WHAT YOU SHOULD DO — If pictures appear in the lines below, skip them and copy exactly the lines from the one containing "Skechers Go Walk" through the one containing "Clare V. Heather Sunglasses", and nothing else.

[[ EXERCISE DATA, beginning ]]

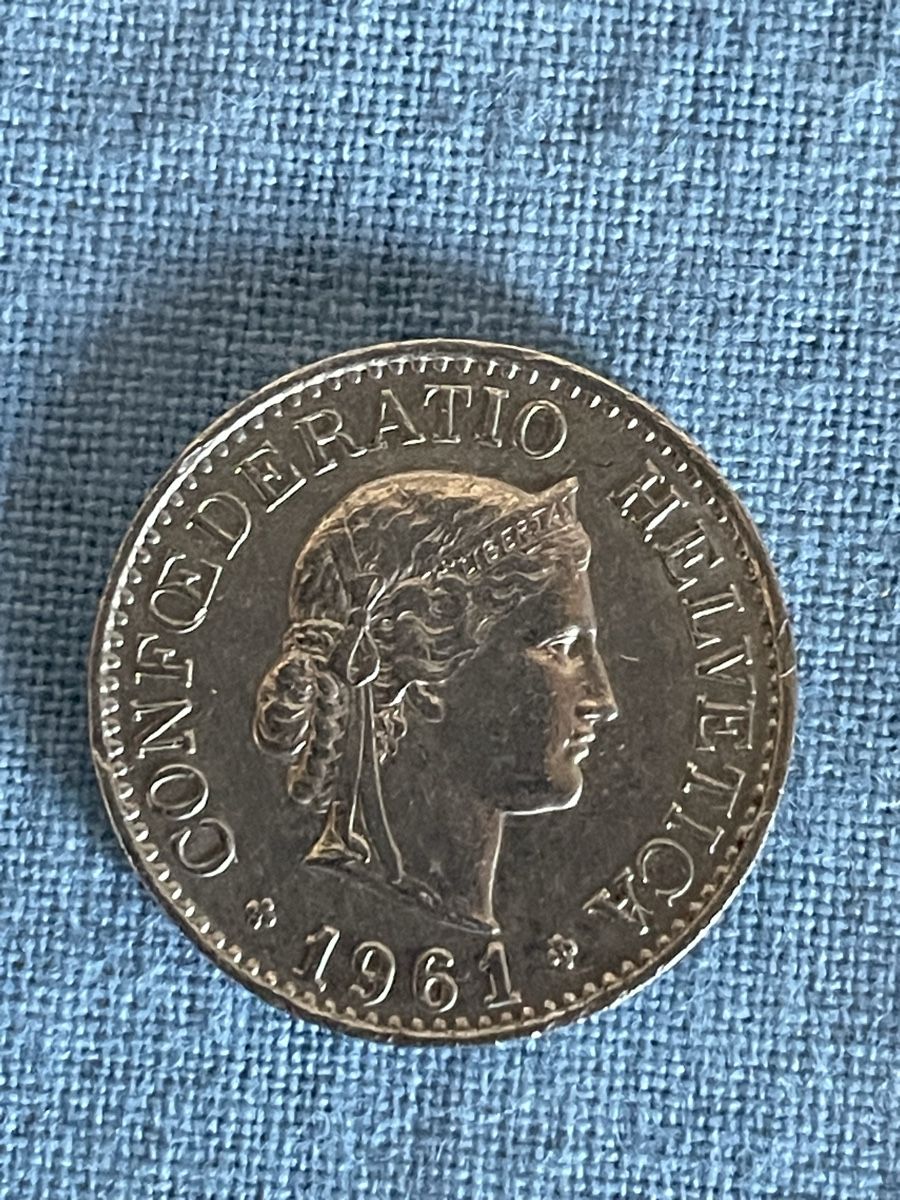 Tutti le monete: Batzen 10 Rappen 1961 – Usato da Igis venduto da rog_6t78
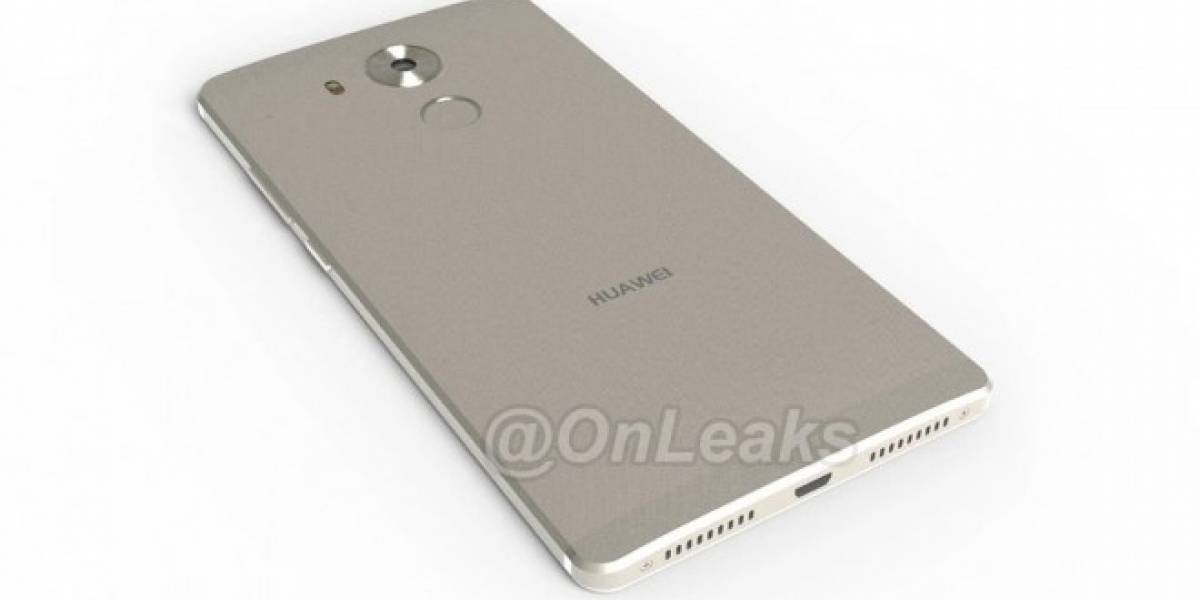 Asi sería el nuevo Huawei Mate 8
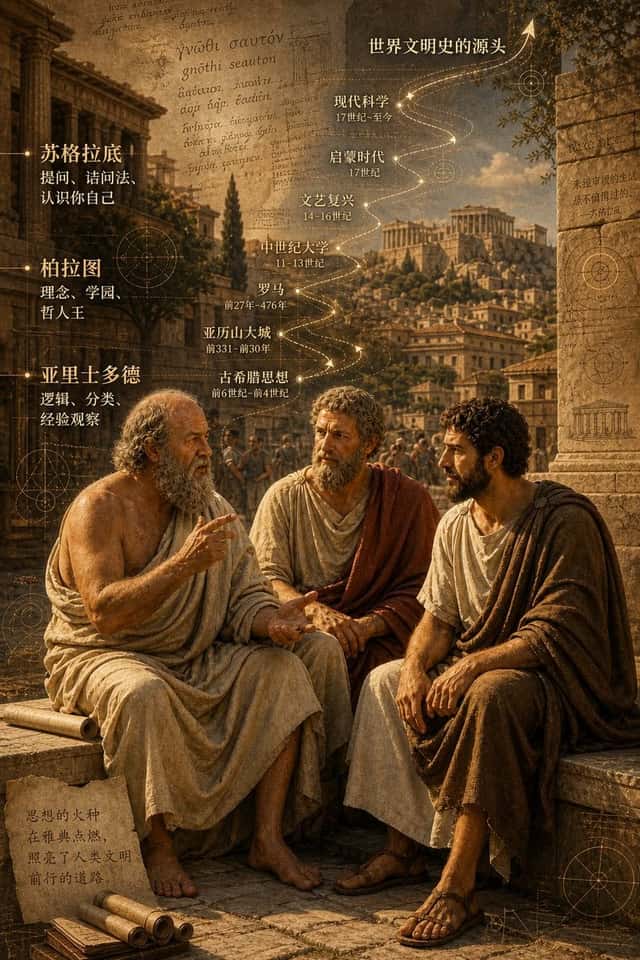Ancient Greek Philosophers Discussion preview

[[ EXERCISE DATA, end ]]
[[ EXERCISE DATA, beginning ]]

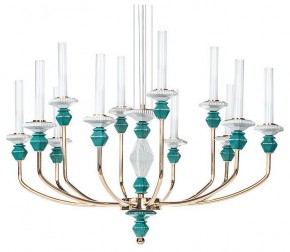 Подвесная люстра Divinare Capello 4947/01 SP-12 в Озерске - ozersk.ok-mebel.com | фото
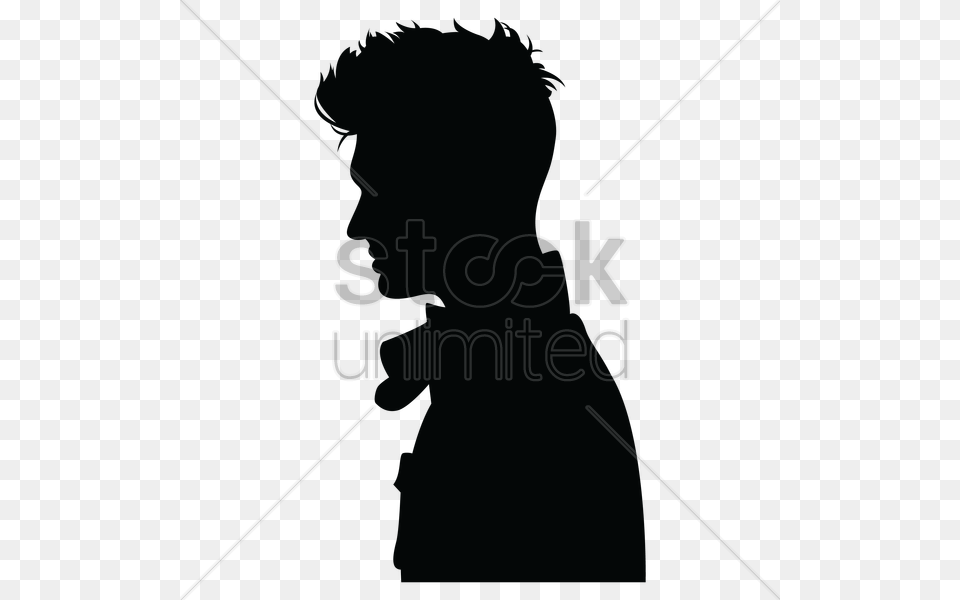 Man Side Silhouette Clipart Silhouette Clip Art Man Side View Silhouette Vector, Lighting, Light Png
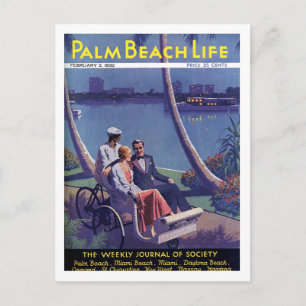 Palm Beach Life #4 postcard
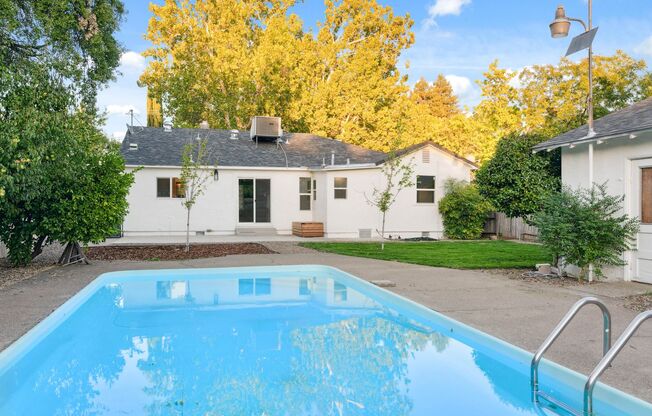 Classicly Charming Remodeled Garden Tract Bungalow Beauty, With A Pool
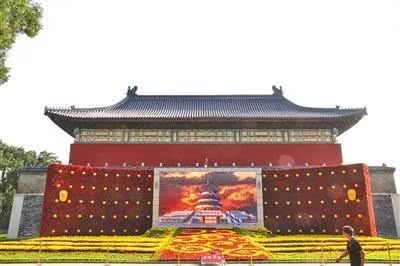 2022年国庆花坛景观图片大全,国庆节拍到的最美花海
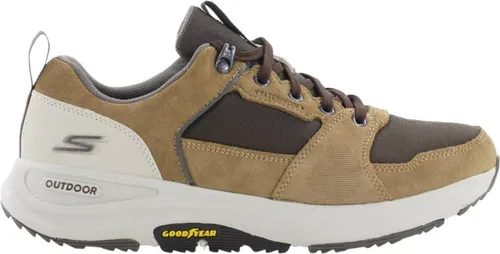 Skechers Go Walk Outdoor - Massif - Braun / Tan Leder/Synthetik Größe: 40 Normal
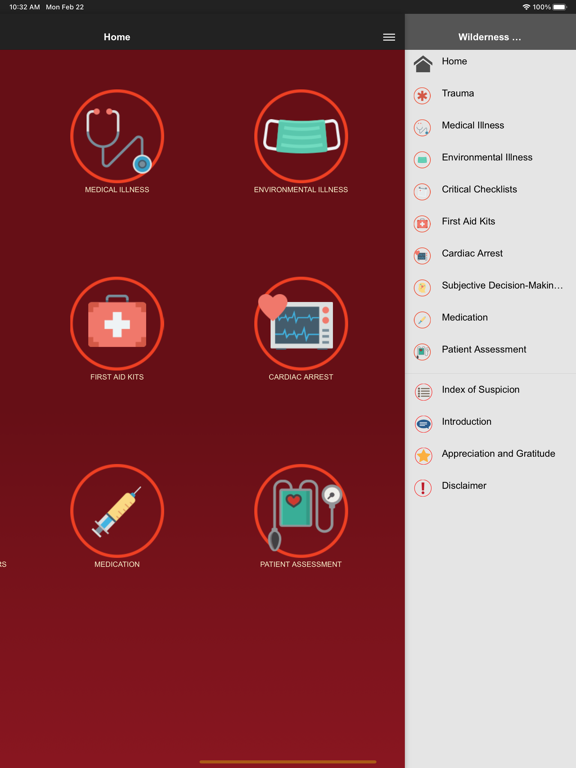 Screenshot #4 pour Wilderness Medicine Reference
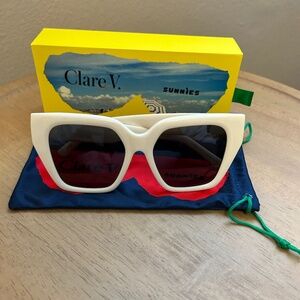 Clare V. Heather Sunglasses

[[ EXERCISE DATA, end ]]
[[ EXERCISE DATA, beginning ]]

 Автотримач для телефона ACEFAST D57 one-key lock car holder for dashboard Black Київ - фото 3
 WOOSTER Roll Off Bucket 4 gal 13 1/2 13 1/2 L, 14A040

[[ EXERCISE DATA, end ]]

REPLY —
 Skechers Go Walk Outdoor - Massif - Braun / Tan Leder/Synthetik Größe: 40 Normal
 Screenshot #4 pour Wilderness Medicine Reference
 Clare V. Heather Sunglasses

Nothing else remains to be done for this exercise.